In a speech that is likely to set the theme of his 2012 re-election bid, Obama said “the basic American promise” that hard work can allow one to own a home and support a family are at risk if the government doesn’t do more to balance the scale between the nation’s rich and poor.

“The defining issue of our time is how to keep that promise alive. No challenge is more urgent. No debate is more important,” Obama declared. “We can either settle for a country where a shrinking number of people do really well, while a growing number of Americans barely get by. Or we can restore an economy where everyone gets a fair shot, everyone does their fair share, and everyone plays by the same set of rules.  What’s at stake are not Democratic values or Republican values, but American values.  We have to reclaim them.”

In his third such address to the Congress, Obama’s focus was not just on the future—as he laid out broad proposals to boost an “economy built to last, where hard work pays off and responsibility is rewarded.”

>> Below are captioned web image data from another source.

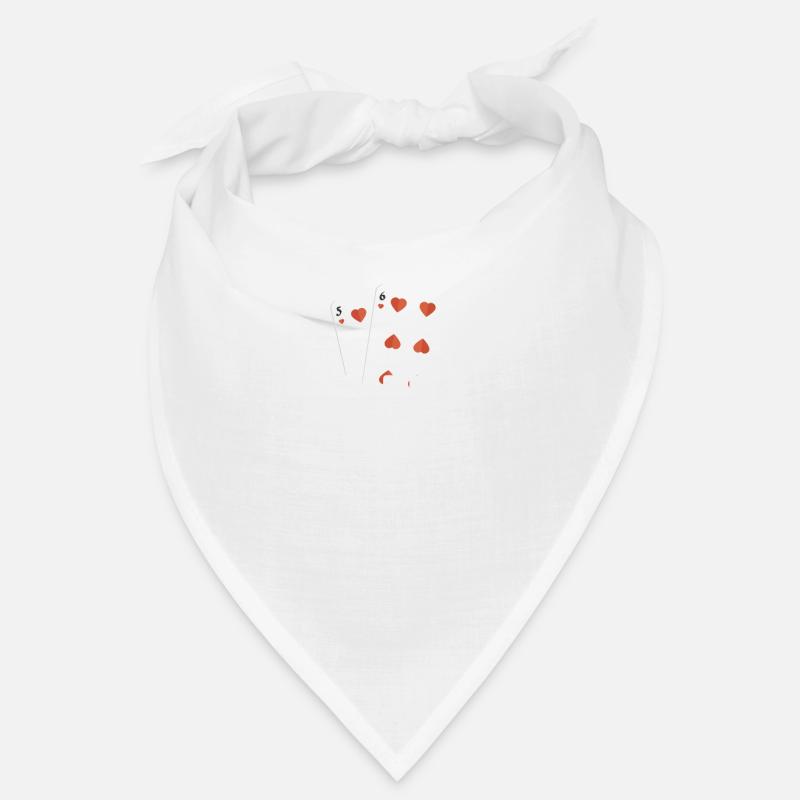 Black Jack Bandana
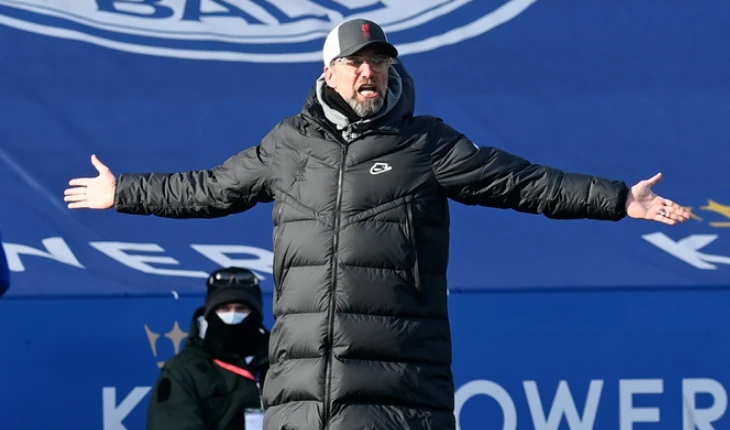 Klopp, Nagelsmann decry FIFA’s plans for biennial World Cups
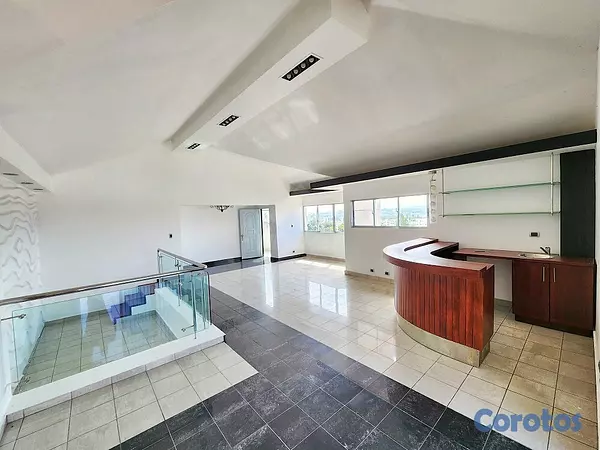 penthouses - PENTHOUSE REMODELADO TERRAZA PRIVADA Y ASCENSOR LA 3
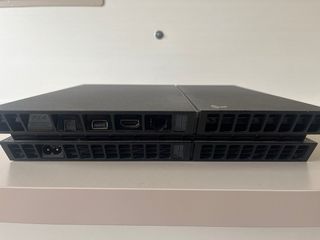 PS4 Pro + Cuenta Fortnite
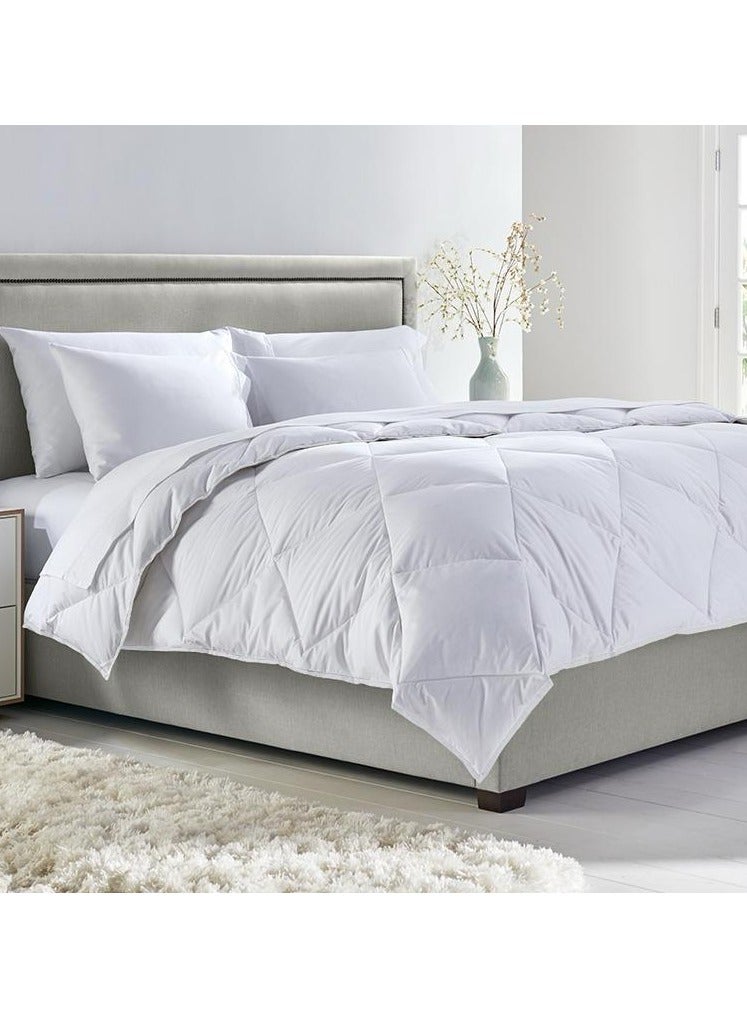 كونزيتا هوم لحاف حشوة نفرين من كونزيتا هوم_(240x260)سم - Image 2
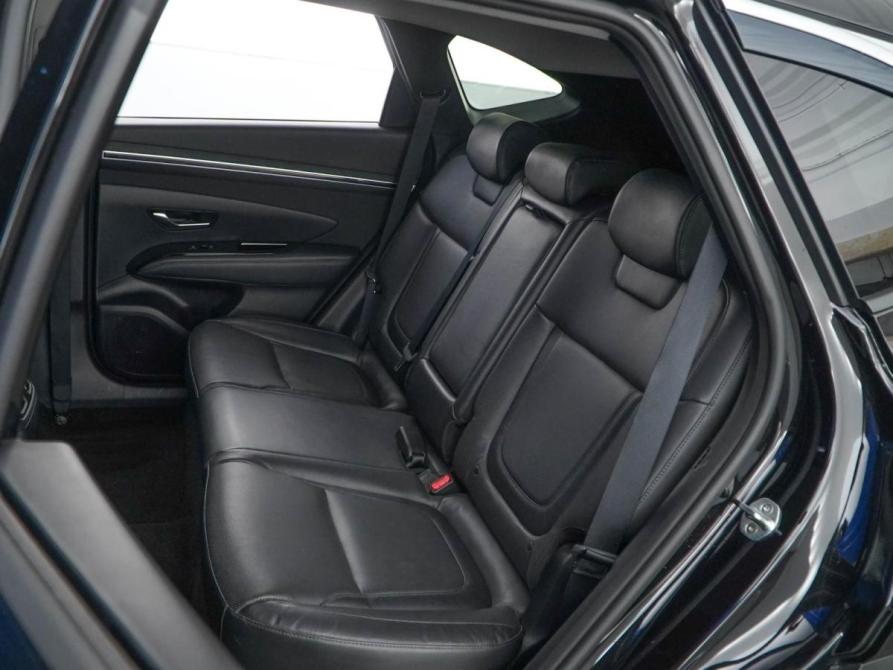 Hyundai Tucson IV Москва  - изображение 9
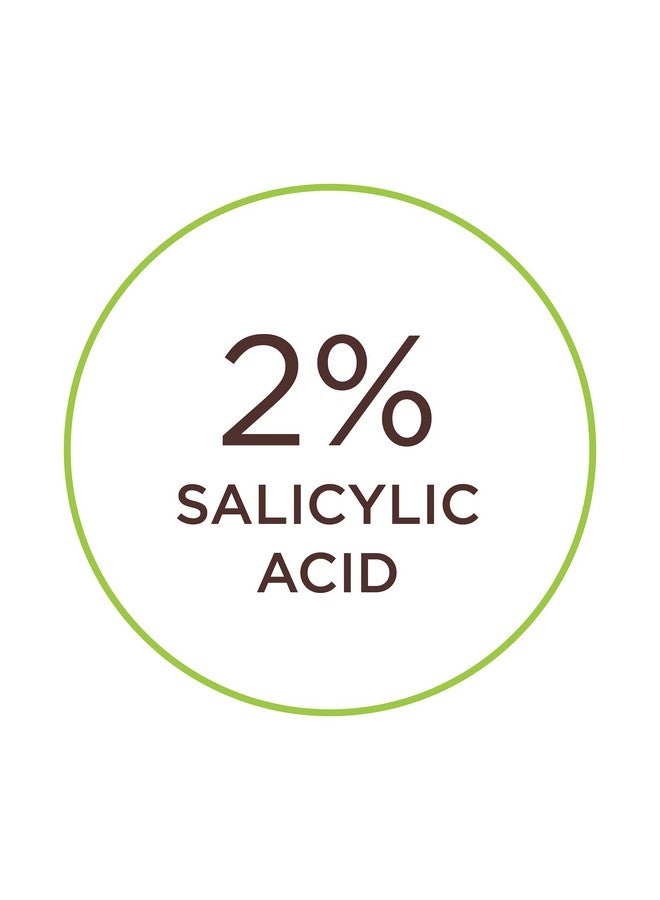 Phisoderm Antiblemish Gel Cleanser For Oily Combo And Acneprone Skin 6 Fluid Ounce Bottle (Pack Of 4) - Image 4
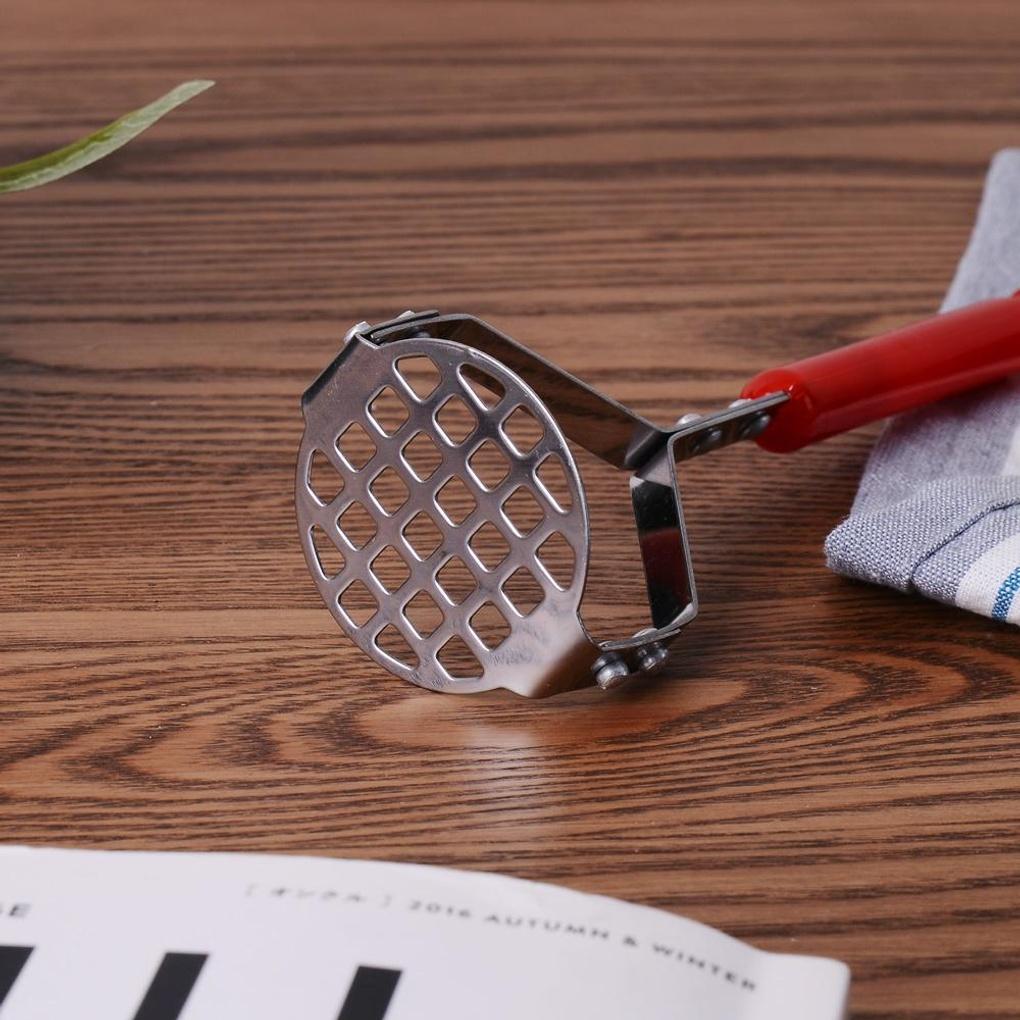 MINEX PASTO Potato Mashing Mesh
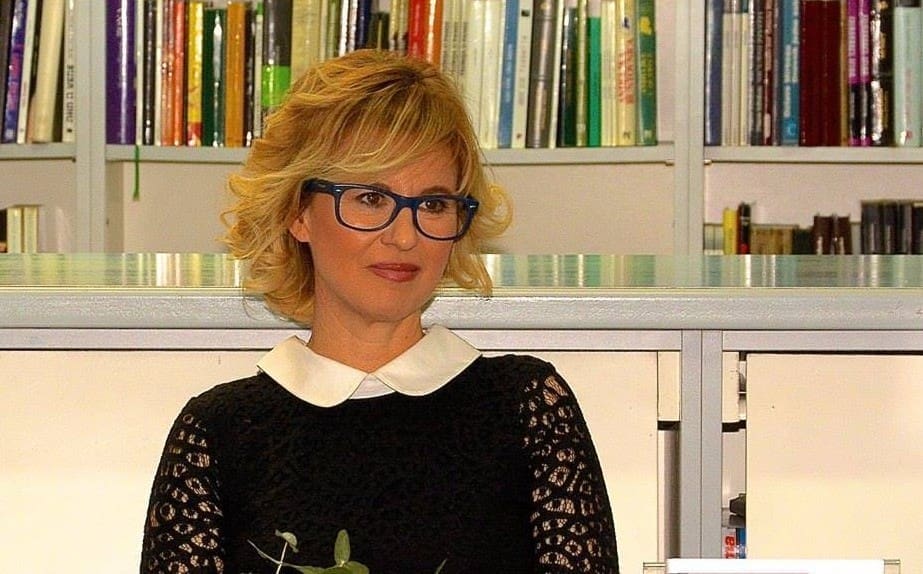 Pisci pod povećalom: Nagrađivana književnica Rosie Kugli i splitski srednjoškolci u susretu koji će promijeniti pogled na književnost za djecu i mlade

But in a message that was unmistakably aimed at voters in the upcoming presidential election, Obama reminded his audience that the nation’s economic troubles began long before he arrived at the White House, starting with the collapse of the nation’s leading banks in 2008 due to lax regulation and “bad behavior.”

“In the six months before I took office, we lost nearly four million jobs.  And we lost another four million before our policies were in full effect,” Obama said.

But he argued that the country is turning around under his policies, pointing to 3 million jobs created in the last 22 months. In a sign that Obama will campaign against the Republican-led Congress as much as a his eventual GOP presidential rival, the president indicated he will take a hard stand against lawmakers determined to block his economic agenda.

“The state of our union is getting stronger, and we’ve come too far to turn back now,” Obama insisted. “As long as I’m president, I will work with anyone in this chamber to build on this momentum. But I intend to fight obstruction with action, and I will oppose any effort to return to the very same policies that brought on this economic crisis in the first place.”